The Dover Quartet: Violinist Joel Link, Cellist Camden Shaw, Violist Milena Pajaro-van de Stadt, and Violinist Bryan Lee. Photo courtesy of The Dover Quartet.

In the crush, these foursomes (two violins, a viola, and a cello) can fall prey to a host of challenges: doing too little or too much with the music, over-coordinating their sound or letting their solo musical personalities create a jumble, failing to project charisma on stage or “overacting” to the point where the actual playing suffers. And because much of the string quartet literature is unusually intellectual even compared to other classical genres, a big dose of preciousness or heaviness can easily creep in.
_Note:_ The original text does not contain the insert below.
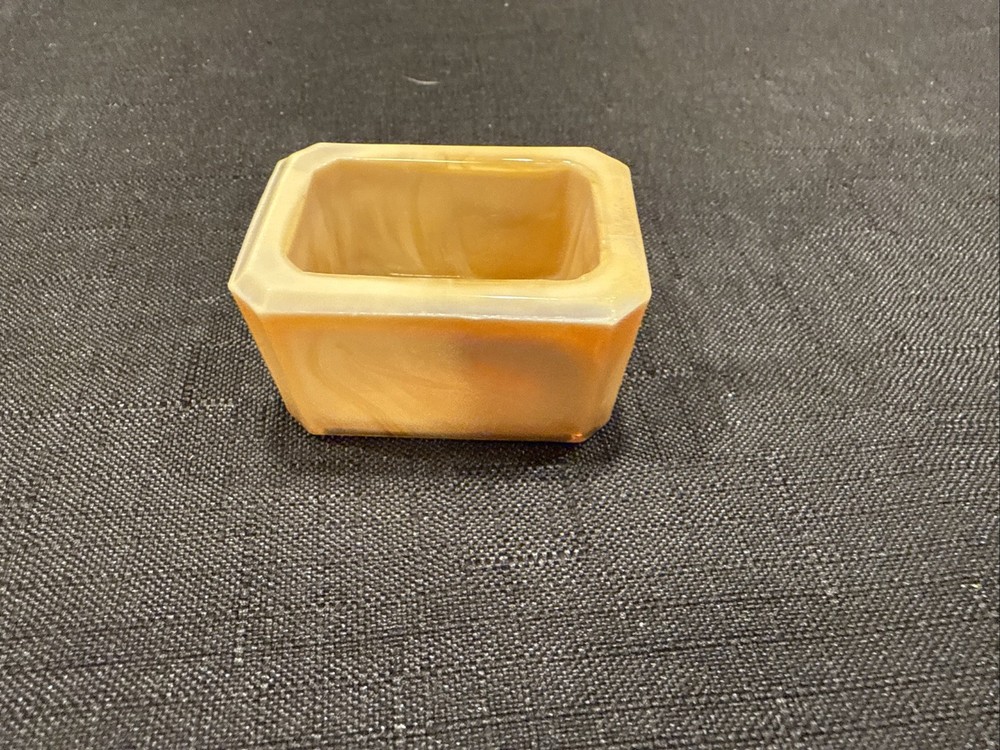 Vintage Rectangular Open Salt Dip Signed E.E. With Beveled Corner Golden Agate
Last week here in Washington, the venerable Fortas Chamber Music Series, named for 1960s-era Supreme Court Justice Abe Fortas, presented a young ensemble that has essentially solved for all of these challenges. The Dover Quartet has recently been cutting a wide swath through the concert scene with a winning mix of old and new music. Their Washington program, consisting of Mozart plus Czech composer Bedrich Smetana and current American composer Caroline Shaw, presented string quartet music in an ingratiating light that will no doubt be featured in many return visits and follow-ups to their recently released debut album.

Perhaps the best news of all was that the Kennedy Center’s Family Theater was sold out well in advance for the Dover Quartet’s Monday night gig. There’s little doubt that the region’s concert presenters will find larger facilities for this ensemble in the future, whether at the Kennedy Center or elsewhere.

It’s a compliment to all four members of the Dover Quartet to state that they structure their playing to make sure to showcase their lower half, consisting of Camden Shaw on the cello and Milena Pajaro-van de Stadt on the viola. Both Milena and Camden – I’ve spoken to all four musicians and first names work best for this youthful group – clearly could be embarking on either solo careers or secure jobs in big-city symphony orchestras if they wished.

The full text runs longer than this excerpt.